Detailed Description

This file declares all the functions, objects, structures, etc. publicly available from the libtld library.

Definition in file tld.h.

Macro Definition Documentation

#define LIBTLD_EXPORT

This definition is used to mark functions and classes as exported from the library. This allows other programs to automatically use functions defined in the library.

The LIBTLD_EXPORT may be set to dllexport or dllimport depending on whether you compile the library or you intend to link against it.

#define LIBTLD_VERSION   "1.5.13"

This definition represents the version of the libtld header you are compiling against. You can compare it to the returned value of the tld_version() function to make sure that everything is compatible (i.e. if the version is not the same, then the tld_info structure may have changed.)

Referenced by main(), and tld_version().

#define LIBTLD_VERSION_MAJOR   1

This definition represents the major version of the libtld header you are compiling against.

#define LIBTLD_VERSION_MINOR   5

This definition represents the minor version of the libtld header you are compiling against.

#define LIBTLD_VERSION_PATCH   13

This definition represents the patch version of the libtld header you are compiling against. Some people call this number the release number.

#define VALID_URI_ASCII_ONLY   0x0001

By default the tld_check_uri() function accepts any extended character (i.e. characters over 0x80).
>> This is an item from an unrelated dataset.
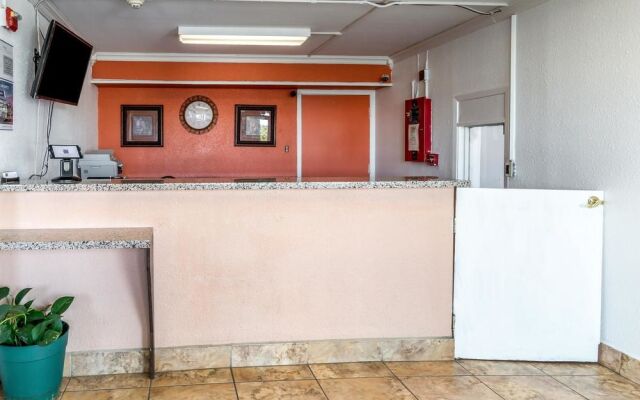 Deluxe Inn Mineral Wells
This flag can be used to refuse such characters.

Referenced by tld_check_uri().

#define VALID_URI_NO_SPACES   0x0002

By default the tld_check_uri() function accepts spaces as valid characters in a URI (whether they are explicit " ", or written as "+" or "%20".) This flag can be used to refuse all spaces (i.e. this means the "+" and "%20" are also refused.)

Referenced by tld_check_uri().

Enumeration Type Documentation

Defines the category of the TLD. The most well known categories are International TLDs (such as .com and .info) and the countries TLDs (such as .us, .uk, .fr, etc.)

IANA offers and is working on other extensions such as .pro for profesionals, and .arpa for their internal infrastructure.

Enumerator
TLD_CATEGORY_INTERNATIONAL 

International TLDs.

This category represents TLDs that can be used by anyone anywhere in the world. In some cases, these have some limits (i.e. only a museum can register a .museum TLD.) However, the most well known international extension is .com and this one has absolutely no restrictions.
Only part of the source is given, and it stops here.